SAIPAN – A Saipan dry food, spice and canned food wholesaler paid four workers a fixed, “off-the-books” cash salary that dropped their regular hourly wage below the required federal $7.25 minimum wage rate, and denied them overtime when they worked more than 40 hours in a workweek, a federal investigation has found.

The U.S. Department of Labor’s Wage and Hour Division recovered $21,093 in back wages and liquidated damages for four workers at Pearl River Wholesale. The division also assessed the employer $2,324 in civil penalties for its reckless disregard for the Fair Labor Standards Act requirements.

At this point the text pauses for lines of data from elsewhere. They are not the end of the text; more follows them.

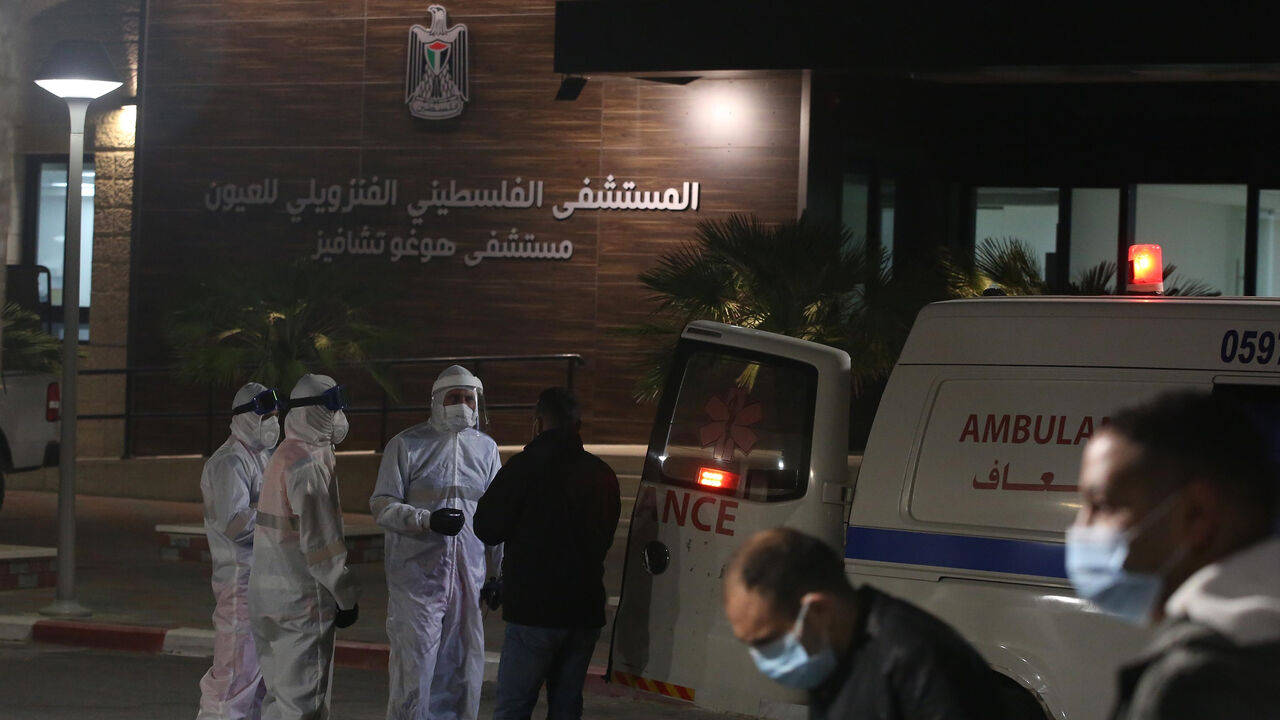 1209369972 RAMALLAH, WEST BANK - APRIL 07: Health Care Personnel are seen as 11 patients, infected with novel coronavirus (COVID-19), are being discharged from the Hugo Chavez Hospital following their full recovery, at Turmus Ayya town, northeast of Ramallah in West Bank on April 07, 2020. (Photo by Issam Rimawi/Anadolu Agency via Getty Images)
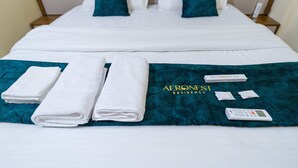 Ein ordentlich bezogenes Bett mit weißen Leinentextilien, türkisfarbenen Kissen und einer türkisfarbenen Decke mit dem Logo "Aeronest Residency". Auf dem Bett liegen zwei gefaltete weiße Handtücher und eine Fernbedienung.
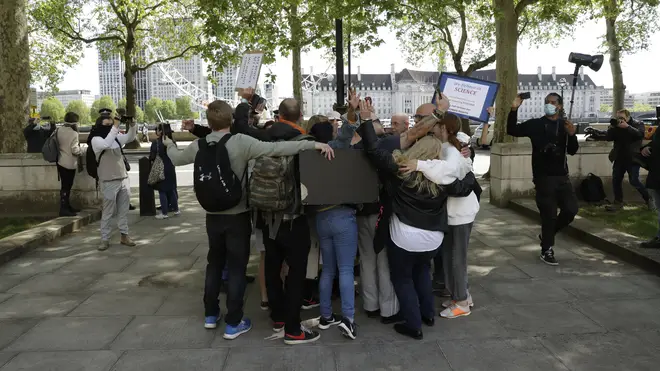 Protesters hugged in defiance of coronavirus lockdown laws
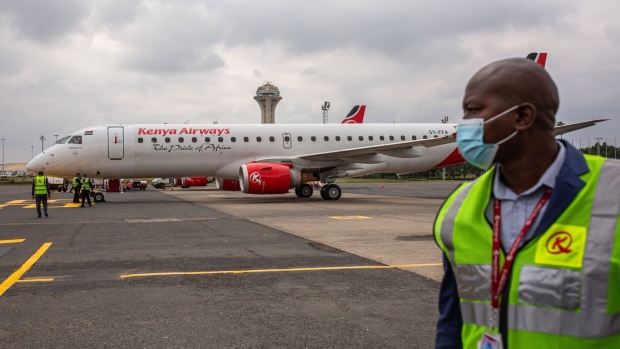 A member of ground crew for Kenya Airways Ltd. wears a protective face mask as he stands in front of an Embraer SA 190 passenger aircraft, operated by Kenya Airways Ltd., on the tarmac during a reopening ceremony at Jomo Kenyatta International Airport in Nairobi, Kenya, on Wednesday, July 15, 2020. Kenya Airways Plc started a three-month round of job cuts as lawmakers debate a bill to nationalize the carrier and its losses mount due to the impact of the coronavirus pandemic.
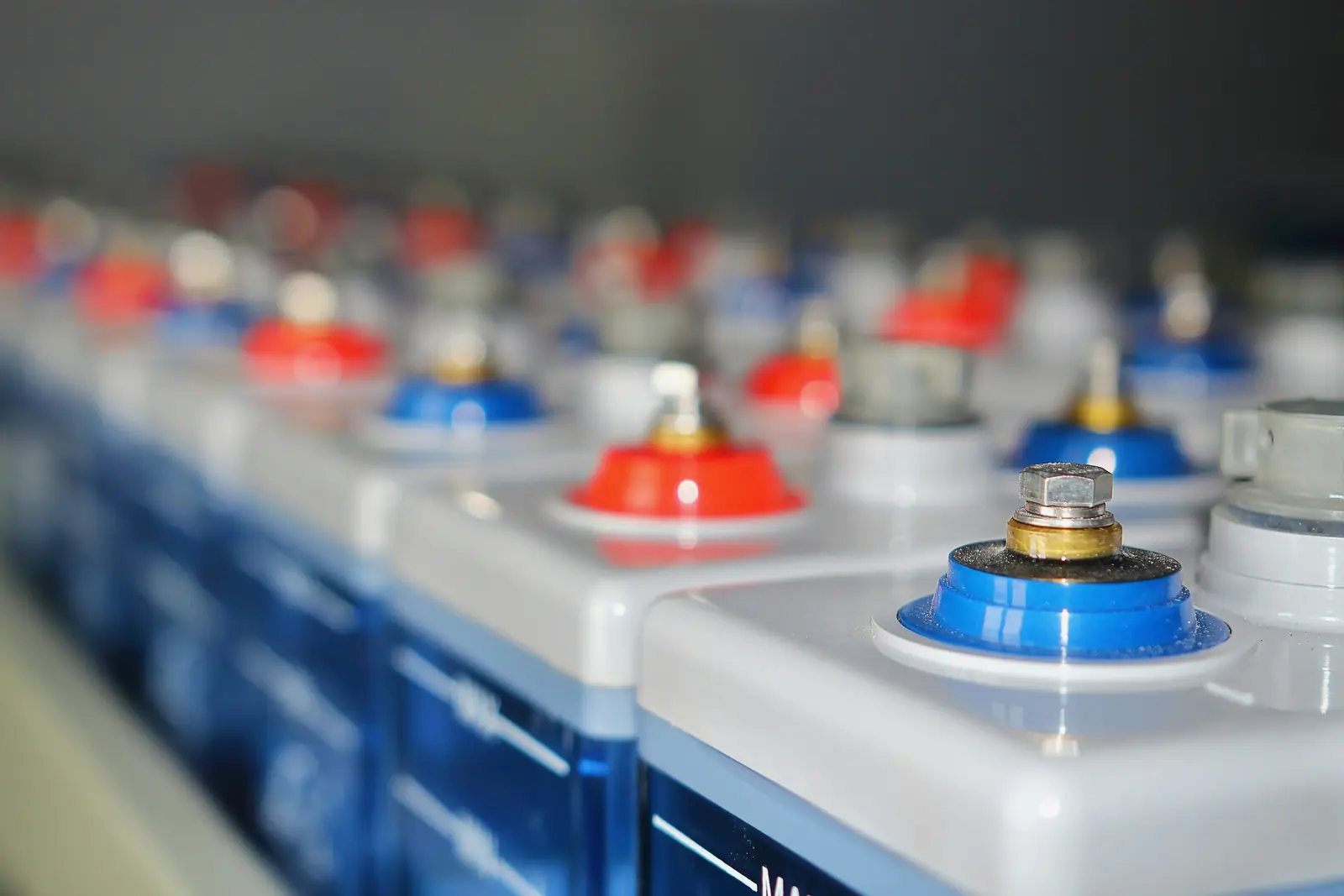 A row of battery cells with red and blue terminals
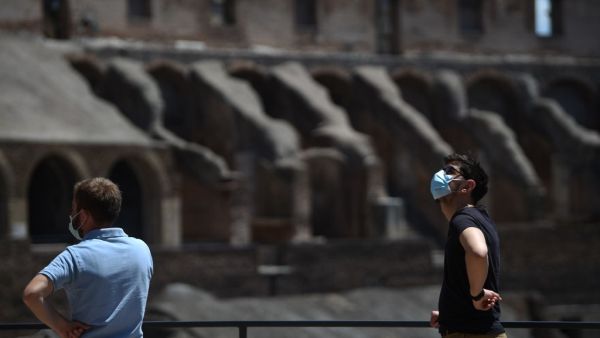 Visitors view the Colosseum monument which reopens to the public on June 1, 2020 in Rome, while the country eases its lockdown aimed at curbing the spread of the COVID-19 infection, caused by the novel coronavirus. The Colosseum monument reopens on June 1, 2020 after having been closed since March 8, 2020, with adequate sanitary protection for staff and visitors, secure routes, compulsory reservations and modified schedules to avoid crowds at peak times. Filippo MONTEFORTE / AFP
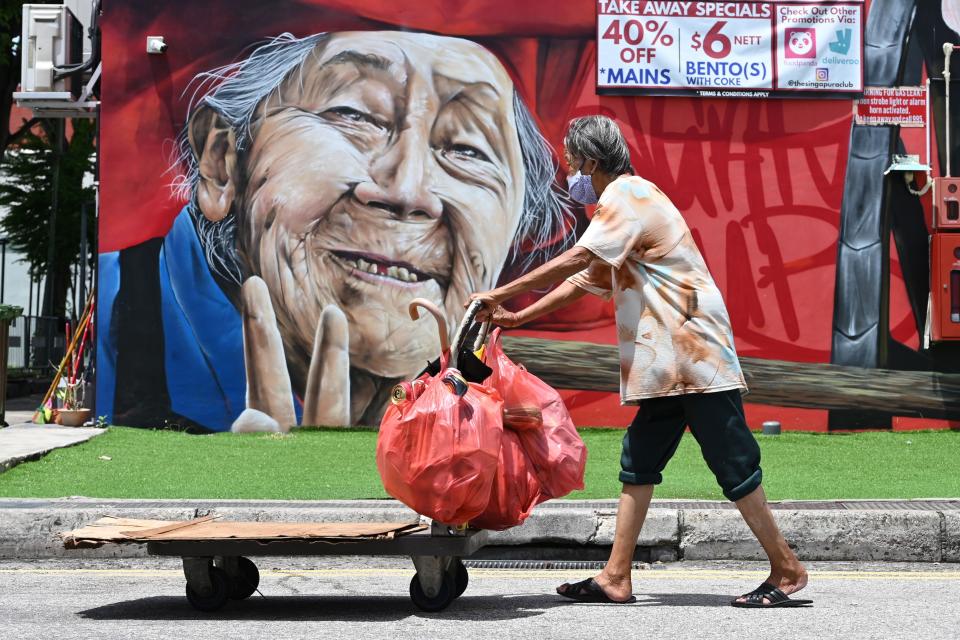 An elderly woman wearing a protective facemask amid fears about the spread of the COVID-19 coronavirus pushes cart past a wall mural of an elderly person in Singapore on May 8, 2020. 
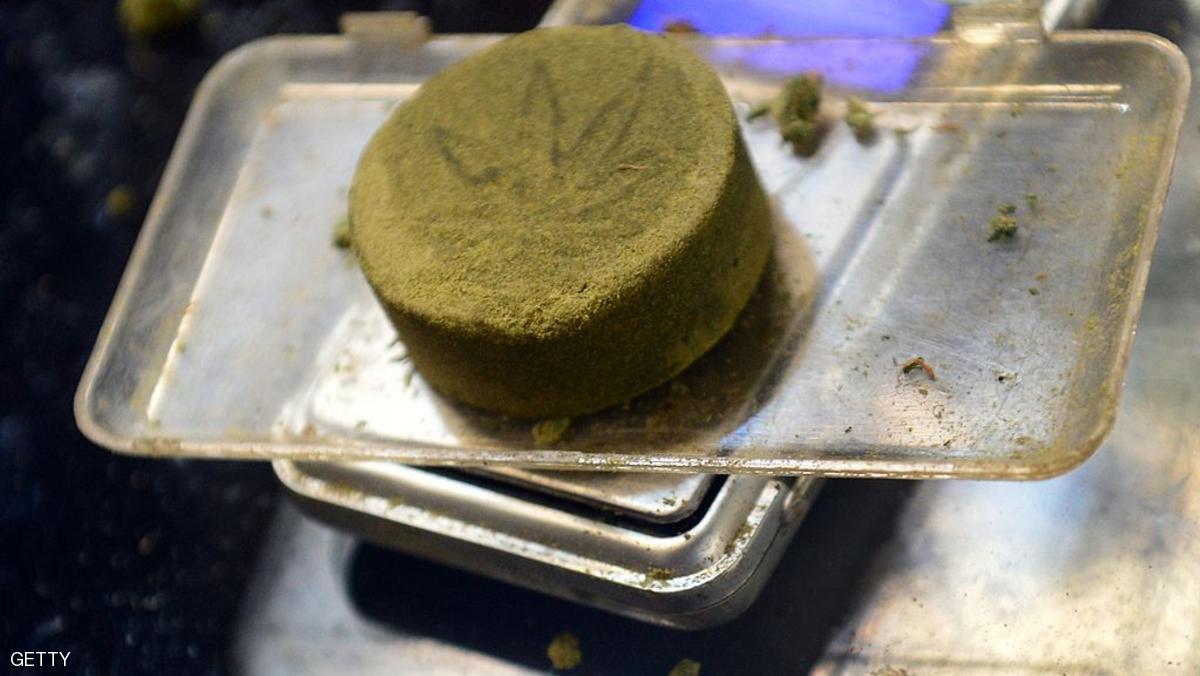 Kief, pressed into a cake of hashish, is placed on a sclale by a vendor weighing it for card-carrying medical marijuana patients attending Los Angeles' first-ever cannabis farmer's market at the West Coast Collective medical marijuana dispensary, on the fourth of July, or Independence Day, in Los Angeles, California on July 4, 2014 where organizer's of the 3-day event plan to showcase high quality cannabis from growers and vendors throughout the state. AFP PHOTO/Frederic J. BROWN (Photo credit should read FREDERIC J. BROWN/AFP/Getty Images)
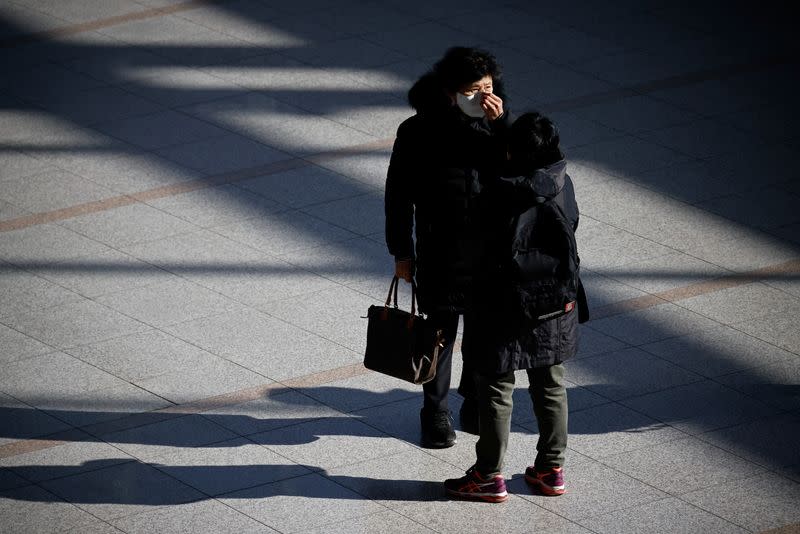 Women wearing masks talk at a railway station amid the coronavirus disease (COVID-19) pandemic in Seoul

“Employers who shortchange workers by denying them all of the wages they’ve legally earned will be held accountable by the U.S. Department of Labor,” said Wage and Hour District Director Terence Trotter in Honolulu, Hawaii.  “Pearl River Wholesale attempted to exploit workers by making side agreements to skirt the law and cheat their competitors by paying substandard wages. In the end, they have paid not only the wages due, but thousands of dollars in penalties for their willful disregard of the law.”

For more information about the FLSA and other laws enforced by the division, contact its toll-free helpline at 866-4US-WAGE (487-9243). Learn more about the Wage and Hour Division, including a search tool to use if you think you may be owed back wages collected by the division.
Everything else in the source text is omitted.